Napoleon had no guns, horses or an army, but ever ambitious, he had to fight a final fight, which needed nothing more than an admirer willing to preserve the defeated emperor’s legacy through books. Emmanuel de Las Cases allowed the world to see life through the eyes of Napoleon, not as the war-hungry power-intoxicated self-proclaimed emperor, but as a man who went from Napoleon the nobody to Napoleon the greatest general the world had ever seen. Such tales could only be told to the common man as fables, but Napoleon gave the world an example to cite, and the ambitious, hope.
He was wise enough to know that, at this point, all he could do, was tell his story from his perspective, to leave a legacy he’d be proud of, to leave traces, not as Napoleon the self-proclaimed emperor who’d lost, but as Napoleon, the wonder. And what better way was there, he thought, to leave a story behind, than through writing?

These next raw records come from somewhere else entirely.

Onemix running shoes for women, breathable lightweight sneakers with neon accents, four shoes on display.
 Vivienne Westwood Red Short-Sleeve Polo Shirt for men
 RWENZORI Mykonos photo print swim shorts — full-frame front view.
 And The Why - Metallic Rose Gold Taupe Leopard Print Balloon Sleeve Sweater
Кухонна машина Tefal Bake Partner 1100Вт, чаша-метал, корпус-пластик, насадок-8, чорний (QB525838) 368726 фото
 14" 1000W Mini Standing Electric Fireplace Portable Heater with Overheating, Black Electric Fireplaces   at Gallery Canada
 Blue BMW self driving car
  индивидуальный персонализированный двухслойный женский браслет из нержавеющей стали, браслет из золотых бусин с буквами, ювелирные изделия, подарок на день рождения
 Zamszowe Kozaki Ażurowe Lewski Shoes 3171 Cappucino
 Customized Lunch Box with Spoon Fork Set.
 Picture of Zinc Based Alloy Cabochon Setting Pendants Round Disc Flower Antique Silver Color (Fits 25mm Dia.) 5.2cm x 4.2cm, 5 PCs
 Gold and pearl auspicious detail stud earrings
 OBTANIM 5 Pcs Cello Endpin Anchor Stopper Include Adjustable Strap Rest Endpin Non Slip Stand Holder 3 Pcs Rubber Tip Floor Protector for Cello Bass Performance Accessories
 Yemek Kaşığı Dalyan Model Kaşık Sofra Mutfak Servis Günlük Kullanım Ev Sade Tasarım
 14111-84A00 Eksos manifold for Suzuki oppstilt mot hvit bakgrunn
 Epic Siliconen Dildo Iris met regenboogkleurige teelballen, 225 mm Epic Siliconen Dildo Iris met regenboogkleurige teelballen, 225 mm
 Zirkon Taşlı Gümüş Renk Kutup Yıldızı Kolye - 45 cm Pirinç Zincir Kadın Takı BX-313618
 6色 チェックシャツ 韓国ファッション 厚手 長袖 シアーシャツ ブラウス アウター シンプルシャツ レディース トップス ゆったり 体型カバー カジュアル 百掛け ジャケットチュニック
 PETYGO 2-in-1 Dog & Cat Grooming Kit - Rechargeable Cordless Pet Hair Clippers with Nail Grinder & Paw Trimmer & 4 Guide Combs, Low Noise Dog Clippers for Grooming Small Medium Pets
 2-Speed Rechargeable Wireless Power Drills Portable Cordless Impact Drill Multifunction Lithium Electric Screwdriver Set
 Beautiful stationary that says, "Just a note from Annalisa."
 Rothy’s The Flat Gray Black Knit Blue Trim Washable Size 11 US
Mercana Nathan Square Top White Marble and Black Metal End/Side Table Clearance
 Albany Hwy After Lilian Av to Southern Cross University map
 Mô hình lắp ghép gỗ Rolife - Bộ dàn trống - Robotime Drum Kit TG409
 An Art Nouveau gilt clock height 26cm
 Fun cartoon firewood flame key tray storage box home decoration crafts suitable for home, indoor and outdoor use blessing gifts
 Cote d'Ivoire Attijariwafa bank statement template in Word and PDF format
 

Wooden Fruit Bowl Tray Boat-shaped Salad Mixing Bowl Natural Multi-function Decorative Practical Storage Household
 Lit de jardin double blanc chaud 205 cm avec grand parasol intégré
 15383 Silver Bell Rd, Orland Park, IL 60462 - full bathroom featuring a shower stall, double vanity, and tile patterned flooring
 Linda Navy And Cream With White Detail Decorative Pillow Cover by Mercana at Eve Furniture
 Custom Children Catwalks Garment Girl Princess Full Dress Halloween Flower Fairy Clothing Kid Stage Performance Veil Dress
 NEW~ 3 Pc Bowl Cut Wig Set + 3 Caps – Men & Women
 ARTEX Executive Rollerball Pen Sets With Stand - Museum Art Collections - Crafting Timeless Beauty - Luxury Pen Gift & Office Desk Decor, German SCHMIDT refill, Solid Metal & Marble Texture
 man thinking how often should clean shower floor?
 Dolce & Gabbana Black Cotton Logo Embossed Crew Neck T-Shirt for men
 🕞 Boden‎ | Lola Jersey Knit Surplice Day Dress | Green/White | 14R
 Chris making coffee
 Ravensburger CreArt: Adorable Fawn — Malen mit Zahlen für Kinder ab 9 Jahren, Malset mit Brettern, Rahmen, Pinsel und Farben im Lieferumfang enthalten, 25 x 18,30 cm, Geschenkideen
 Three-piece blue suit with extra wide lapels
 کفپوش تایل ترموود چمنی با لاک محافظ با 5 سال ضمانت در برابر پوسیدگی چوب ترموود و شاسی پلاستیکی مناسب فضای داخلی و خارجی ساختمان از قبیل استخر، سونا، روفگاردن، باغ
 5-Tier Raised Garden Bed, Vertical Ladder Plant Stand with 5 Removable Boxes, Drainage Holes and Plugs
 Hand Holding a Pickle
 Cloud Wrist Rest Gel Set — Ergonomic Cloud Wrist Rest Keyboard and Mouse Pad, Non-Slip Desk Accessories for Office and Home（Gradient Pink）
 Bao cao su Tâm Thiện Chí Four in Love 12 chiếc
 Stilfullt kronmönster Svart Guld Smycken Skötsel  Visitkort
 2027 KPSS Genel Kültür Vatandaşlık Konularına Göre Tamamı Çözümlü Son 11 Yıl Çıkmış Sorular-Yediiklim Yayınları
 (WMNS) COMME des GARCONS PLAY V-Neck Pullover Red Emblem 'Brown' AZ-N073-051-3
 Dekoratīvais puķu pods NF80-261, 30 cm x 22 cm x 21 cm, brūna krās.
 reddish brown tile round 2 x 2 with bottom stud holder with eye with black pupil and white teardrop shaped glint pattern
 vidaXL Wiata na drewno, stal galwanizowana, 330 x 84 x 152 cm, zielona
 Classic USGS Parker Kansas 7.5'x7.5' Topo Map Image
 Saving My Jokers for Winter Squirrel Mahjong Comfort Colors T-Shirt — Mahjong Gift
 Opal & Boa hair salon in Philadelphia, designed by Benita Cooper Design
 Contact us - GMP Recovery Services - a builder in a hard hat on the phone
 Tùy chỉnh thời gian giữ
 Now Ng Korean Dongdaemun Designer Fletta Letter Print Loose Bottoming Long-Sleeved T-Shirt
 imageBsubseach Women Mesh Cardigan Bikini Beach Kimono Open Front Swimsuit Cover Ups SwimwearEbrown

Teaching through the pen, is the greatest gift and favor He the Exalted has given His slaves, since through it, sciences become eternal, realities are established, words of advice are known, testimonies are preserved, the accounts of dealings between people are precisely kept, and the news of the past is recorded for those who remain and who will come later. Had it not been for writing, news from certain period of time would be cut off from other times, traditions would be obliterated, rulings would be confused, and the latter generations would not know the ways and methods of the predecessors.
- ibn al-Qayyim RH
Our thoughts, stories and ideas die with us, except the ones that have been preserved with ink. History belongs to the writers.
So read, read, read, but don’t forget to write.
Assalaamu alaikum.
Jazakillah khairan. Funny enough I have been thinking of starting a blog & this piece just further inspired me to follow my dreams! May Allah bless you abundantly.